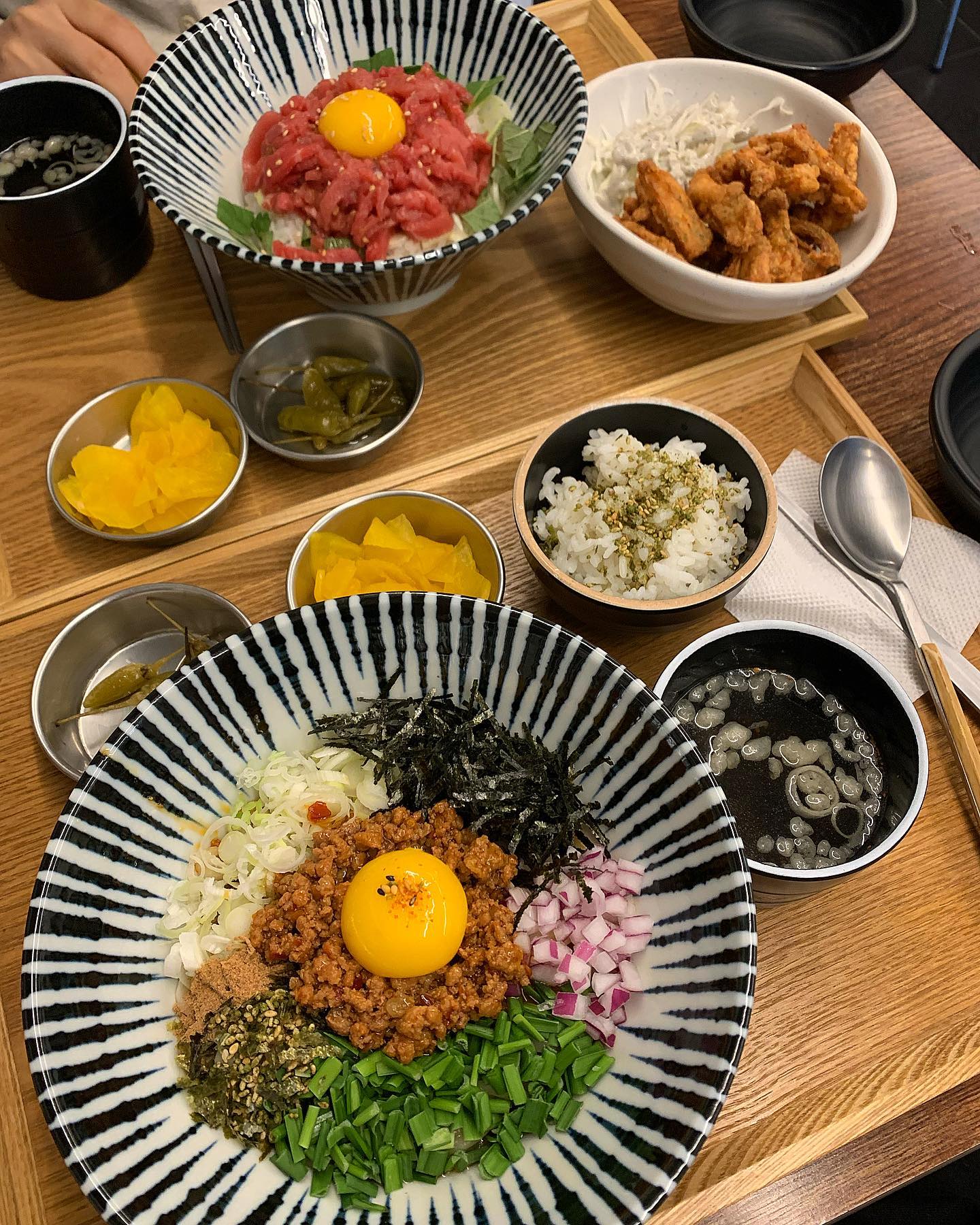 신촌 #하루식당 haru_sicdang 
-
유케동(육회), 마제소바, 닭연골튀김 어느 하나 빠짐없이 마음에 들었던 곳. 마제소바도 좋지만 개인적으로 유케동 간장맛이 더 맛있었던
-
#신촌맛집 #연대맛집 #이대맛집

Task: The expected answer is the whole listing above, copied exactly, with images excluded.

Answer section:
 신촌 #하루식당 haru_sicdang 
-
유케동(육회), 마제소바, 닭연골튀김 어느 하나 빠짐없이 마음에 들었던 곳. 마제소바도 좋지만 개인적으로 유케동 간장맛이 더 맛있었던
-
#신촌맛집 #연대맛집 #이대맛집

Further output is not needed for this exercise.